From topological insulators to superconductors and Confinement

TL;DR

This paper explores the phase structure of 3D topological matter, revealing how parameters like BF coupling, permittivity, and permeability lead to different states such as insulators, superconductors, and confinement phases.

Contribution

It identifies a new marginal term in the effective action of 3D topological matter and maps out the phase diagram driven by defect condensation parameters.

Findings

Topological insulators occur at intermediate permittivity and permeability.

Predicted new topological superconductor phase at high permittivity and low permeability.
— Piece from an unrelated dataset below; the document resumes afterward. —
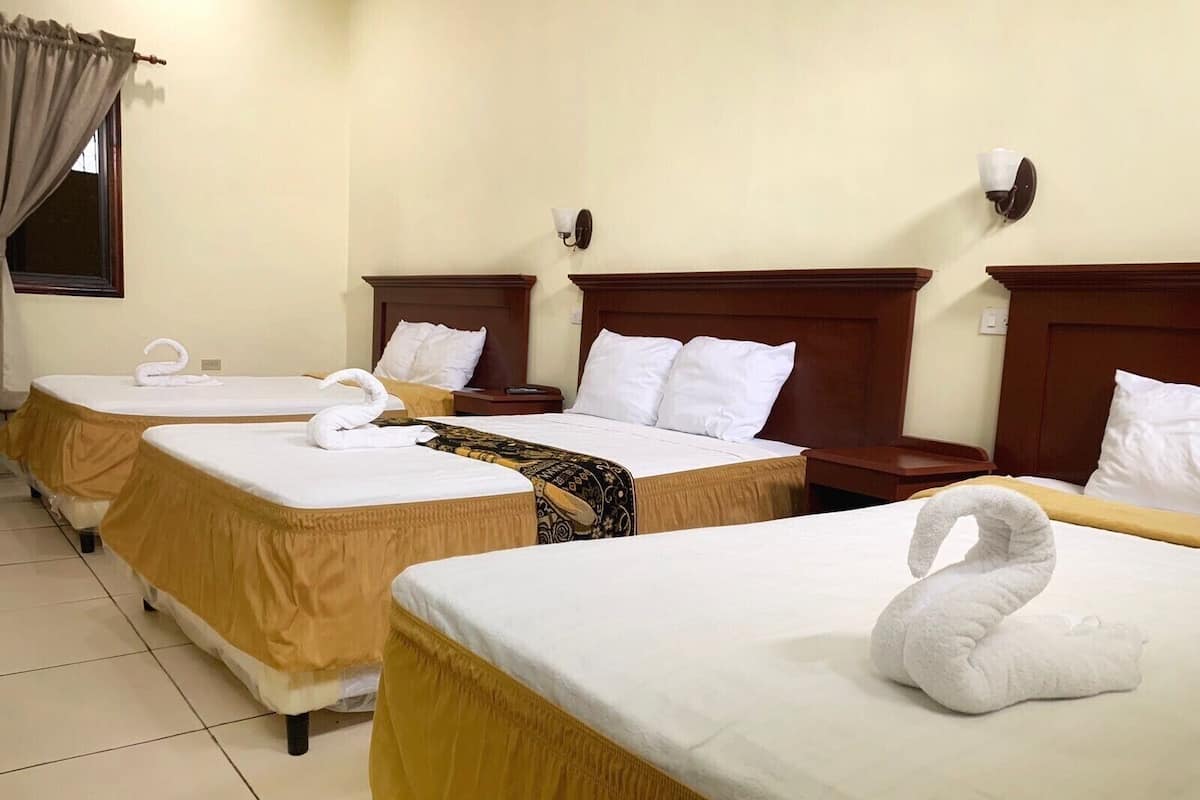 A hotel room with three beds, each with a white bedspread and a golden skirt. There are two wall-mounted lamps and a window with curtains.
Identified charge confinement phase at low permittivity and high permeability.

Abstract

Topological matter in 3D is characterized by the presence of a topological BF term in its long-distance effective action. We show that, in 3D, there is another marginal term that must be added to the action in order to fully determine the physical content of the model. The quantum phase structure is governed by three parameters that drive the condensation of topological defects: the BF coupling, the electric permittivity and the magnetic permeability of the material. For intermediate levels of electric permittivity and magnetic permeability the material is a topological insulator. We predict, however, new states of matter when these parameters cross critical values: a topological superconductor when electric permittivity is increased and magnetic permeability is lowered and a charge confinement phase in the opposite case of low electric permittivity and high magnetic permeability. Synthetic topological matter may be fabricated as 3D arrays of Josephson junctions.